Drakula Istanbul'da (Dracula In Istanbul) is adapted from the 1923 Turkish novel "Kazikli Voyvoda" (Vlad the Impaler) which basically was a turkified version of Bram Stoker's legendary Dracula. The film basically has the same plot as in Stoker's novel, except for some changes such as the characters' names and the fact that there is Istanbul instead of London. Although shot with a pretty small budget, it's still relatively well made and aside from the excessive darkness in the film (probably resulting from a bad lab work on the original shot) is pretty successful in creating atmoshpere, something most other Turkish films of the era rarely touch upon.

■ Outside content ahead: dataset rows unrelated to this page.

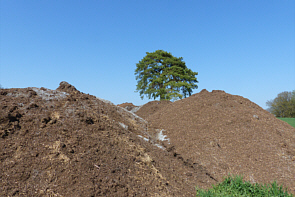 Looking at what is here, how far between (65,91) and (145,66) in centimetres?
2241

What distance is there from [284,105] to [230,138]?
89.2 feet

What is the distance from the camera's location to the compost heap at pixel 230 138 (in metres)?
6.43

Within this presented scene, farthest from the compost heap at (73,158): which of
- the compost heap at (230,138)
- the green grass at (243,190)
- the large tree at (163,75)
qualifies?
the large tree at (163,75)

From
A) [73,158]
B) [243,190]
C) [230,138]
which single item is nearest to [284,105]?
[230,138]

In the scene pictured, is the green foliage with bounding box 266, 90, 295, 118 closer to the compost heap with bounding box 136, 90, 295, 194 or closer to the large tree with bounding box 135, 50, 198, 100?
the large tree with bounding box 135, 50, 198, 100

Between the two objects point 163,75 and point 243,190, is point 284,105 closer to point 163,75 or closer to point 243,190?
point 163,75

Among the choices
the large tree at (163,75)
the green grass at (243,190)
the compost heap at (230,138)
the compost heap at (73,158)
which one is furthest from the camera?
the large tree at (163,75)

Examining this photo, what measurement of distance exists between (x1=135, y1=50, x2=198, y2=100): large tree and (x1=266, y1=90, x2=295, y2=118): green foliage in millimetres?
11850

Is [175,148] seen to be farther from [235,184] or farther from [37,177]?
[37,177]

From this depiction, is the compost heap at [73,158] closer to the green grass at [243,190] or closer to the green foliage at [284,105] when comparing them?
the green grass at [243,190]

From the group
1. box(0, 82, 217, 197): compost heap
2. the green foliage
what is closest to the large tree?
the green foliage

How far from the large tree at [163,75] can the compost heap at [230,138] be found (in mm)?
16341

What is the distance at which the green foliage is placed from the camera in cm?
2869

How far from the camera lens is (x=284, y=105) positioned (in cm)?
2964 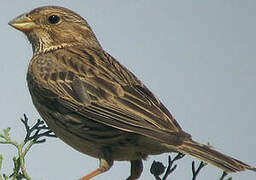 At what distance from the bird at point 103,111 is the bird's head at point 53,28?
31mm

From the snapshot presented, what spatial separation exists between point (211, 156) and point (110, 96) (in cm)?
117

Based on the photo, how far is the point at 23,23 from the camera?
6422 millimetres

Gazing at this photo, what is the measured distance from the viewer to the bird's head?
6.46 m

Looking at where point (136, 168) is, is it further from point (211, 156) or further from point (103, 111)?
point (211, 156)

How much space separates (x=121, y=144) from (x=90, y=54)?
1.45 m

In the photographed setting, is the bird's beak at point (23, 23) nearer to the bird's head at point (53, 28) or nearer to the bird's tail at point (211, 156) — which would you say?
the bird's head at point (53, 28)

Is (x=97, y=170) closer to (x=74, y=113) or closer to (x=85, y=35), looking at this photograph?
(x=74, y=113)

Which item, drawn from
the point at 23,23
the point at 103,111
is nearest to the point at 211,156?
the point at 103,111

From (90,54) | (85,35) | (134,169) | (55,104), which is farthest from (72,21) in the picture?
(134,169)

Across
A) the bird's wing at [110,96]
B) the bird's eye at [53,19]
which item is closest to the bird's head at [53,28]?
the bird's eye at [53,19]

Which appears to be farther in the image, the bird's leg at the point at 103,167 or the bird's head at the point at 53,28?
the bird's head at the point at 53,28

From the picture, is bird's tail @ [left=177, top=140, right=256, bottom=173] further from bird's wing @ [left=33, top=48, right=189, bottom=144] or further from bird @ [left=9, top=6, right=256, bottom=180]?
bird's wing @ [left=33, top=48, right=189, bottom=144]

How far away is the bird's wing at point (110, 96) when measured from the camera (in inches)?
197

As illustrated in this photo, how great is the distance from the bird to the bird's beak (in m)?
0.01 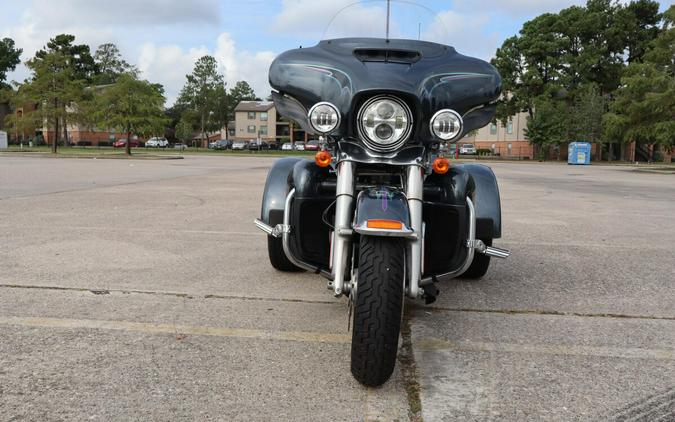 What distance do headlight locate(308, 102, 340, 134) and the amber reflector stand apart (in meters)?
0.68

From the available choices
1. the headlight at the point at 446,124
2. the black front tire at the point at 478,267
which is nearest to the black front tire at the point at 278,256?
the black front tire at the point at 478,267

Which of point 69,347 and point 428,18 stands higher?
point 428,18

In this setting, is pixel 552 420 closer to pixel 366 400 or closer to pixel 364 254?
pixel 366 400

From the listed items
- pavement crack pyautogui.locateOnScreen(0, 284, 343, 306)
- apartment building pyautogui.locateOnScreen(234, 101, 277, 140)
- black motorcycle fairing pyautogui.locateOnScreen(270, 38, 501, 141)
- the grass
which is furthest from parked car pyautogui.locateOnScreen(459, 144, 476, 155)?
black motorcycle fairing pyautogui.locateOnScreen(270, 38, 501, 141)

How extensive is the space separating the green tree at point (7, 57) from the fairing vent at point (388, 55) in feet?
325

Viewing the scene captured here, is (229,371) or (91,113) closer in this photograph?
(229,371)

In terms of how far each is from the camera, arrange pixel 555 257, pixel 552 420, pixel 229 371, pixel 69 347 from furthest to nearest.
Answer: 1. pixel 555 257
2. pixel 69 347
3. pixel 229 371
4. pixel 552 420

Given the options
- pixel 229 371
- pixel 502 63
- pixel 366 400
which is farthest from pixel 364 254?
pixel 502 63

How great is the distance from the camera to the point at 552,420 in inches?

Like in most other films the budget shortage and the lack of technological means called for originality and practical solutions, like the entire crew smokink cigarettes under and around the camera to create the effect of fog. Although the acting is not really good (and results in the usual hilarity, especially in the scene where Jonathan Harker/Azmi loses it after discovering that Dracula is a vampire) except for the charismatic Atif Kaptan who plays Dracula and some of the technical tricks they tried to employ end up backfiring (the bat transformation scene involving a small toy bat and a man dressed in a huge bat-like costume inside the darkness), Dracula In Istanbul still manages to be a well made film by the standards of the era and while it won't offer anything new on Dracula, it's an interesting small piece of history.
Two interesting things about it is that it is apparently the first Dracula film to feature the Count with pronounced canine teeth, and also the earliest, or one of the earliest, depictions of the wall-climbing scene of the book in film.